We hope that your office will lose no time in taking notice of this matter, and seeking timebound answers to protect our rights and freedoms, its own credibility as an institution and in defence of our Constitution.

The Indian public, and the women of India in particular, troubled by the questions as to whether any Indian entity purchased Pegasus, who that entity was, how it was paid for
(given that the costs are reportedly estimated to amount Rs 1.5 crore per phone)?

If it was indeed purchased, how were the targets for hacking chosen and what use was made of the information so gained? What were the admissible justifications for such targeting, and before which Constitutional authority were they presented? Which Constitutional authority oversaw or reviewed the criminal violation of privacy of so many individuals, including journalists, politicians, lawyers, human rights activists, and academics (and the SC staffer and her family members) so that they came to be on the list of Pegasus targets? We believe that the Supreme Court can only instil confidence in people’s, and particularly women’s minds by transparently demanding and making public all answers relating to the use of Pegasus in India.

Above all, we look to the Supreme Court to declare a moratorium on the export, sale, transfer and use of Pegasus in India.
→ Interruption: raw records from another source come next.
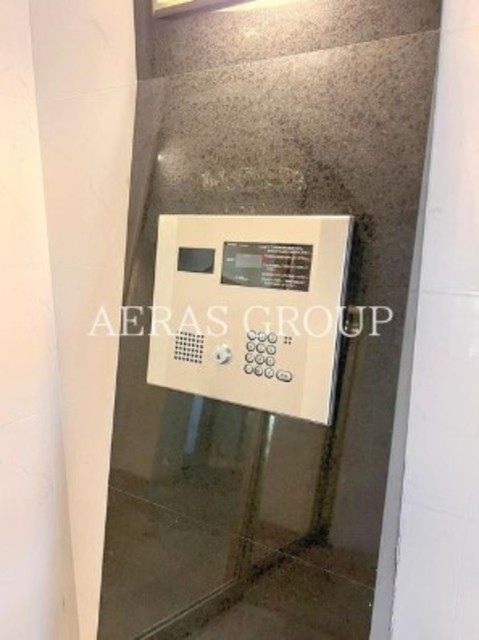 セキュリティ　共用部分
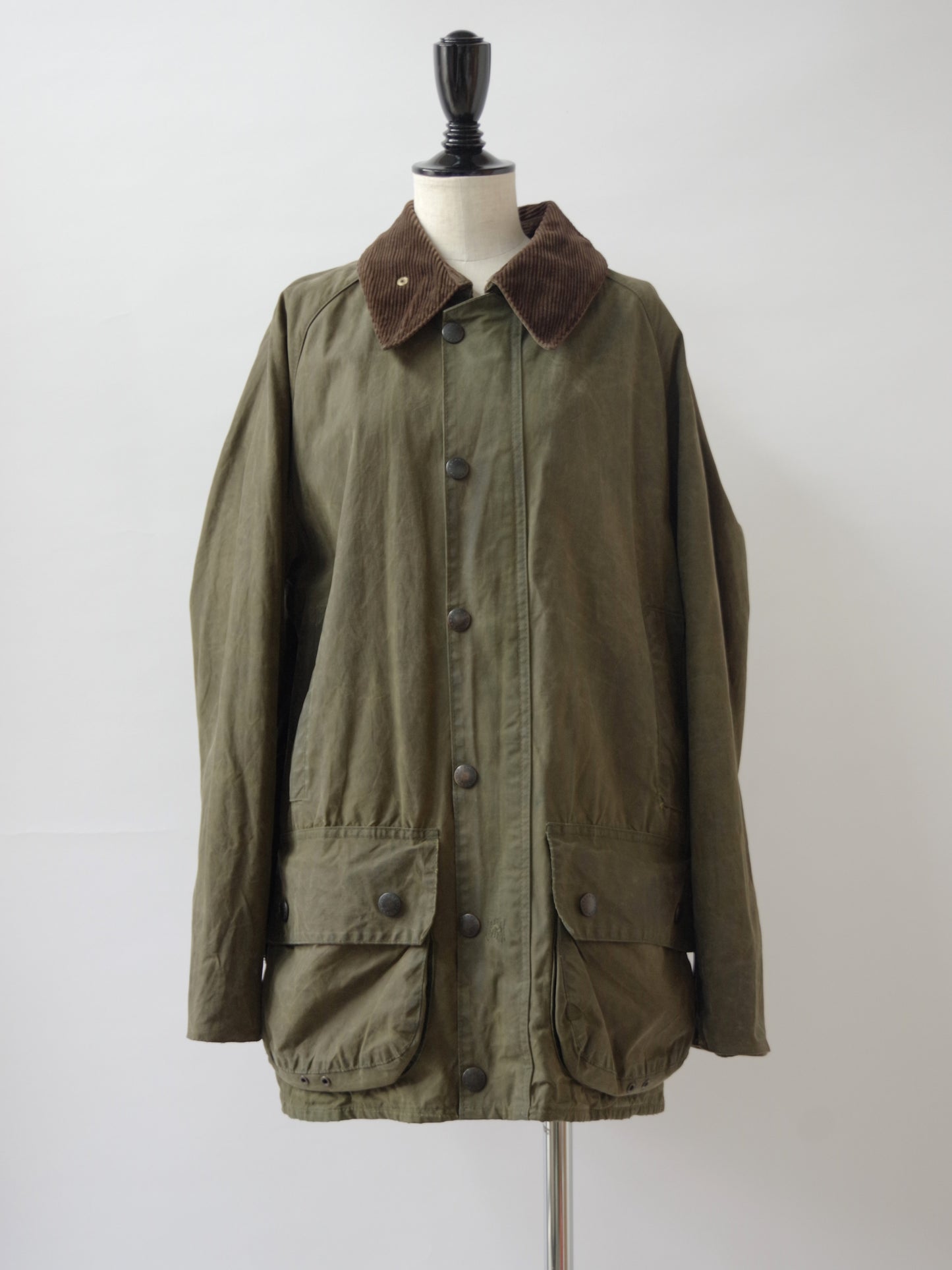 Barbour vintage  BEAUFORT　 size 38 | yoused
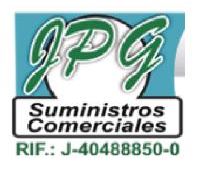 JPG SUMINISTROS COMERCIALES, C.A.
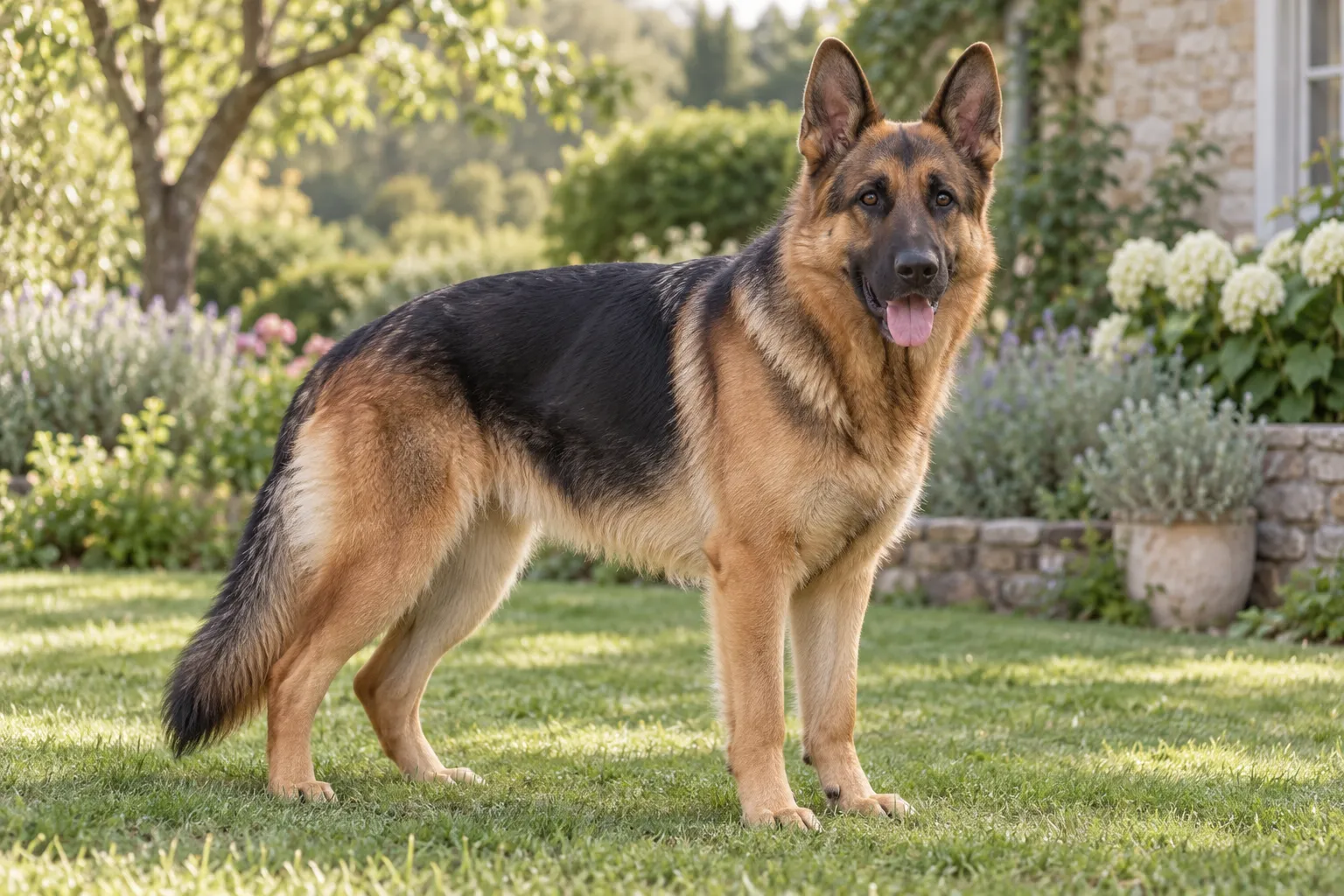 Do German Shepherds Shed?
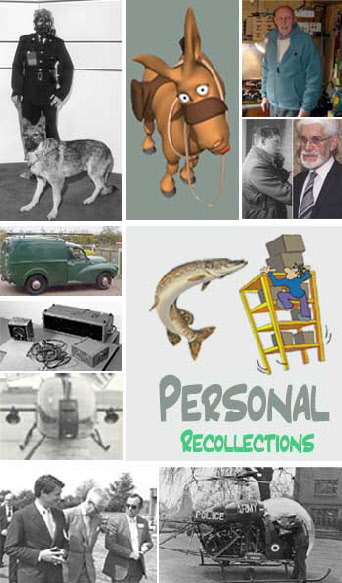 DTELS Personal Recollections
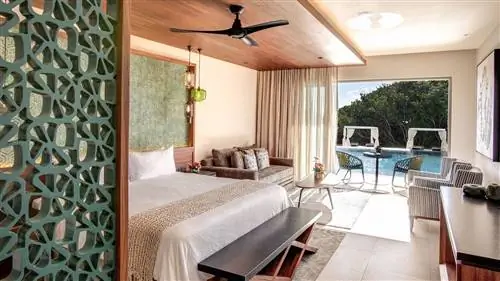 Пальмайя, курорт Плайя-дель-Кармен, где вы можете восстановить свое здоровье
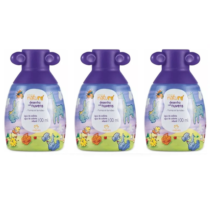 3 Unidades Água de Colônia Infantil Naturé Desenho nas Nuvens 100ml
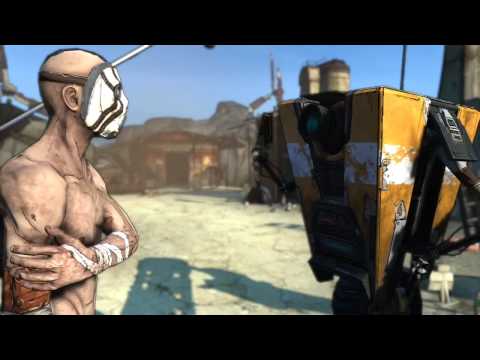 Borderlands: Claptrap Web Series ep. 2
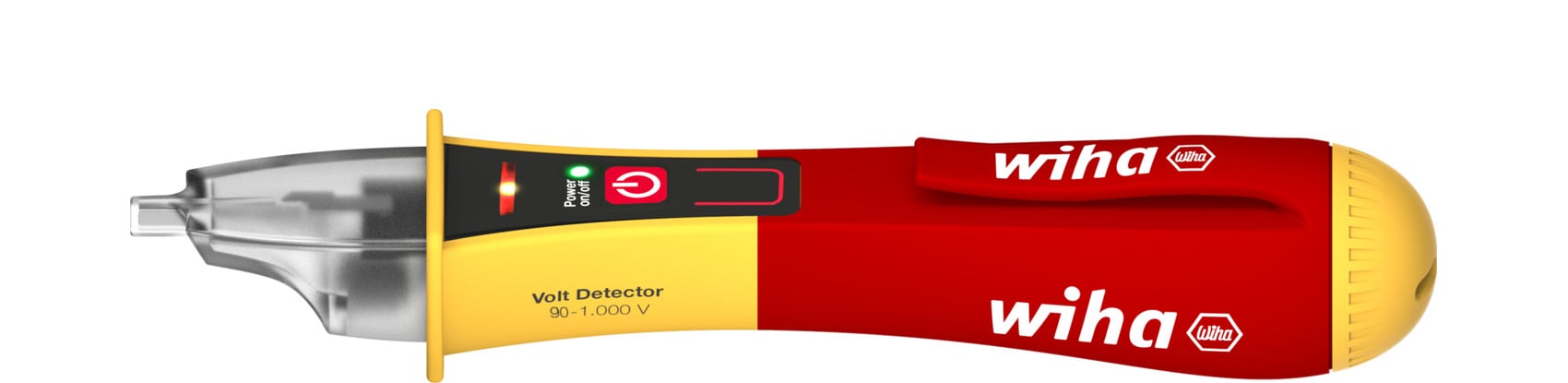 Wiha 43798 | Spanningszoeker | Volt Detector | contactloos | eenpolig | 90 - 1.000 V AC - 43798
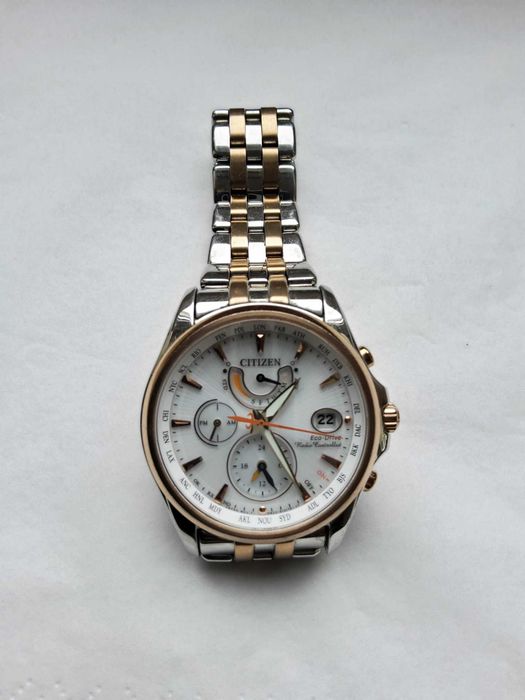 Sprzedam CITIZEN Eco-Drive Radio Controlled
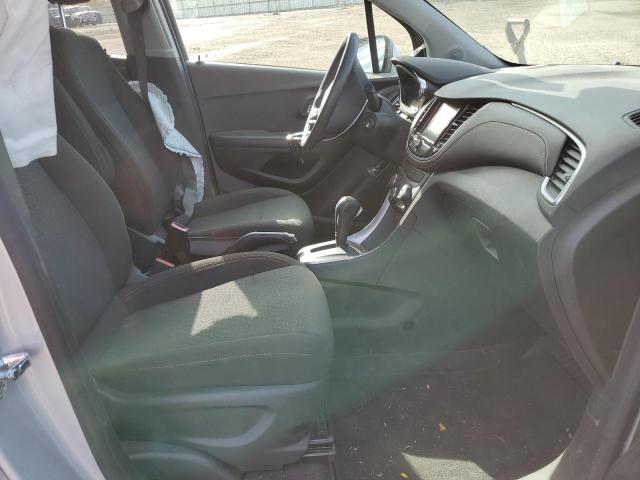 Photo 5 from auction – 2020 CHEVROLET TRAX LS with VIN KL7CJKSB0LB314953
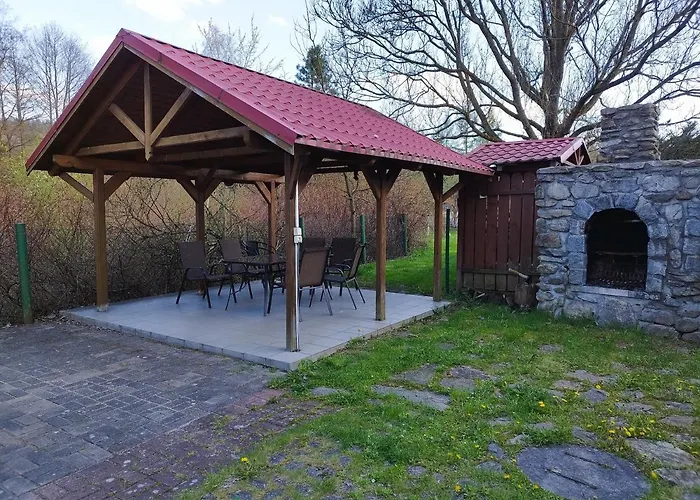 Homestay Jaskolka Ladek-Zdroj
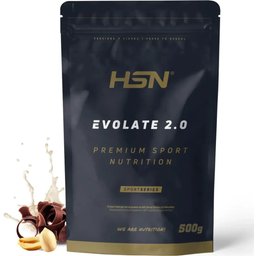 Evolate 2.0 Whey Isolate CFM Chocolate y Cacahuete 500g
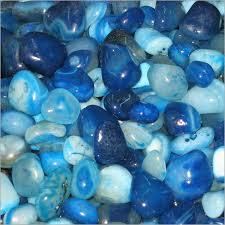 Blue Onex Pebbles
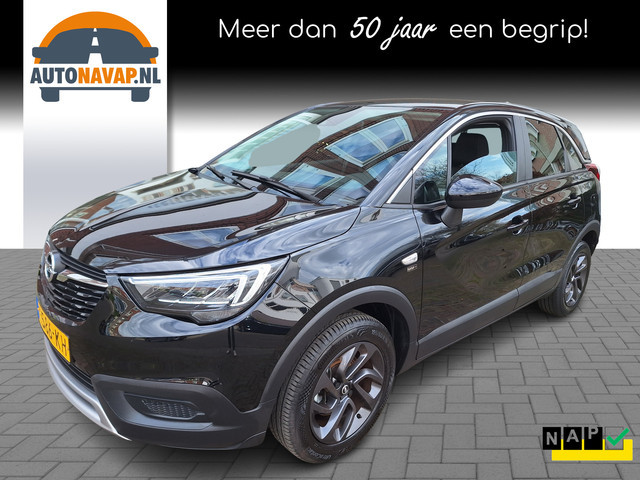 Opel Crossland X 2021 Benzine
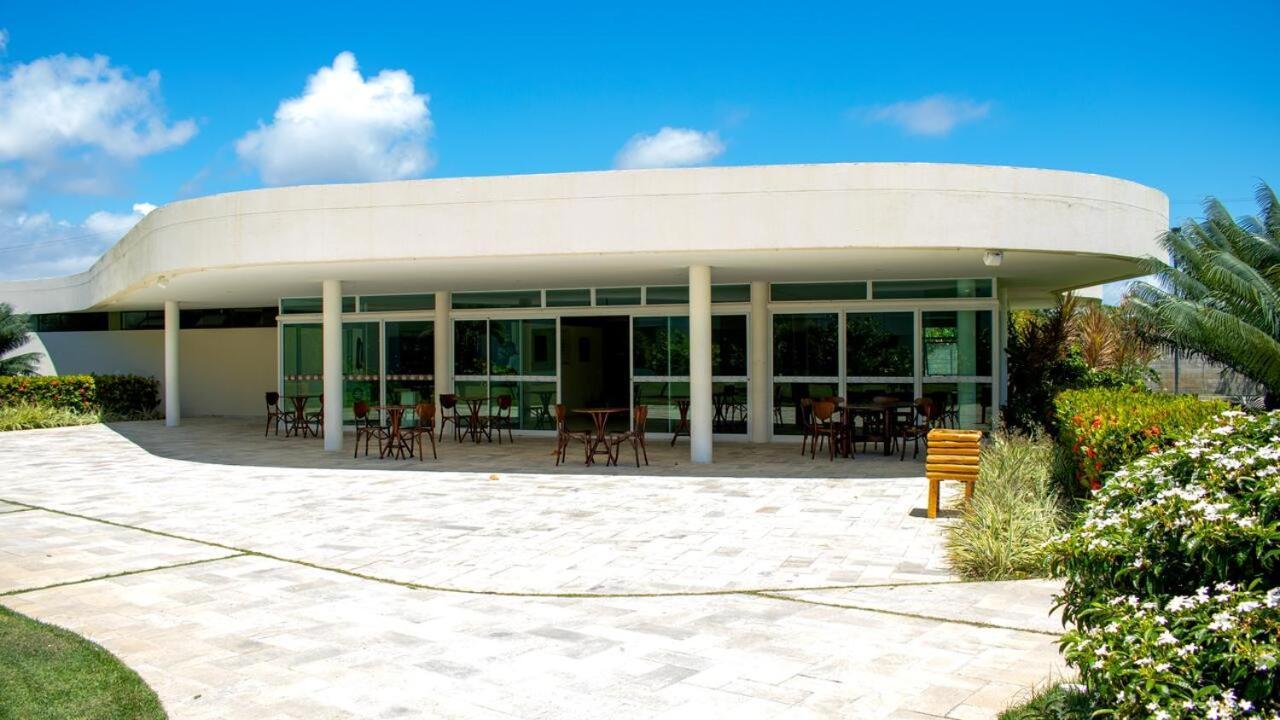 Tamandaré Paraiso Na Terra - Carneiros Beach Resort מראה חיצוני תמונה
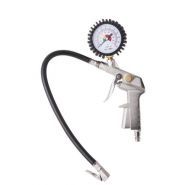 Pistolet de gonflage - Clas - graduation 0-12 bar - longueur flexible 350 mm - OP 0046BL_1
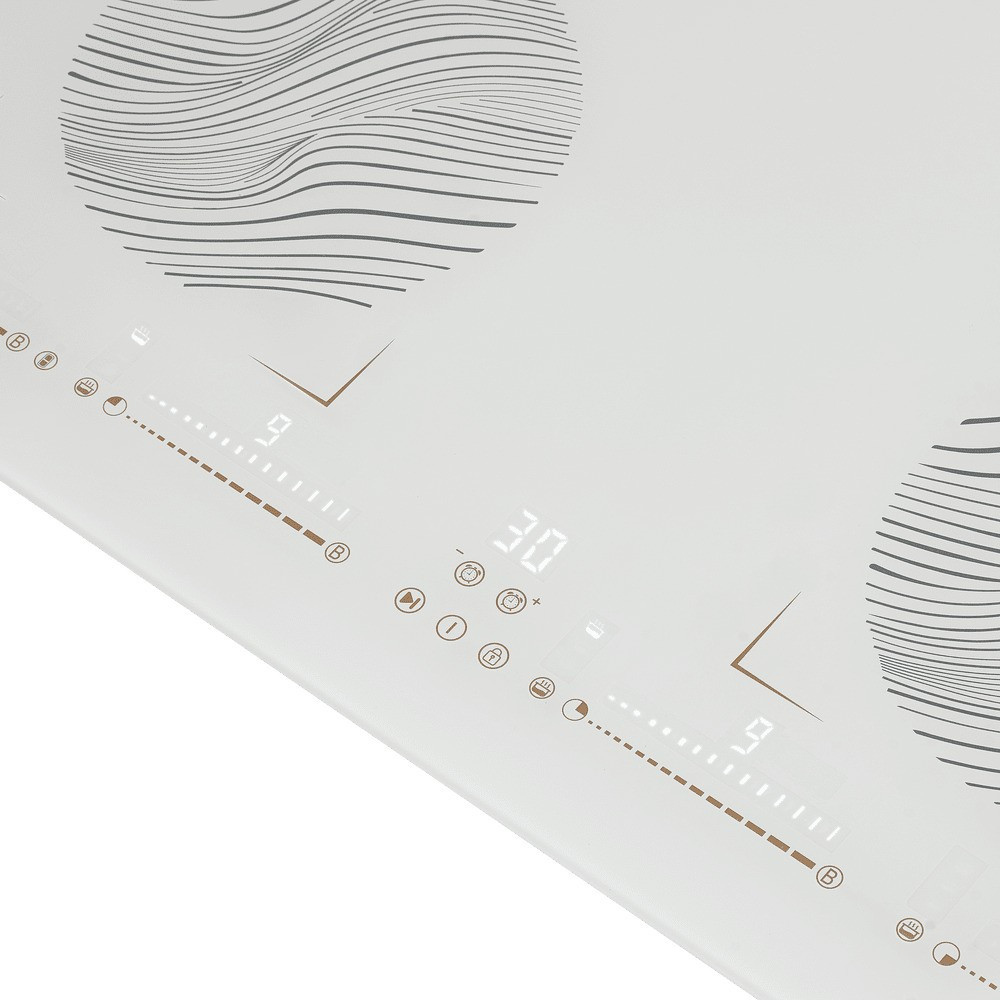 MAUNFELD CVI594SB2WHF Inverter- фото3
We seek your assurance that the institution of the Supreme Court of India is committed to upholding conditions free of intimidation as a prerequisite for fair inquiry in all matters, including inquiry into complaints of sexual harassment in the workplace (for which, regrettably, the Supreme Court of India has yet to institute an inquiry and redressal mechanism that judiciously combines the principles underlying its Vishaka judgment and the concerns of independence of the judiciary). The Supreme Court must fulfil its institutional obligations to provide women a safe workplace, and to that end, ensure full protection to complainants, their families and lawyers from cyber warfare.

We raise the concerns we do in this letter in order to safeguard the independence of the
judiciary, and its commitment to gender equality and freedoms.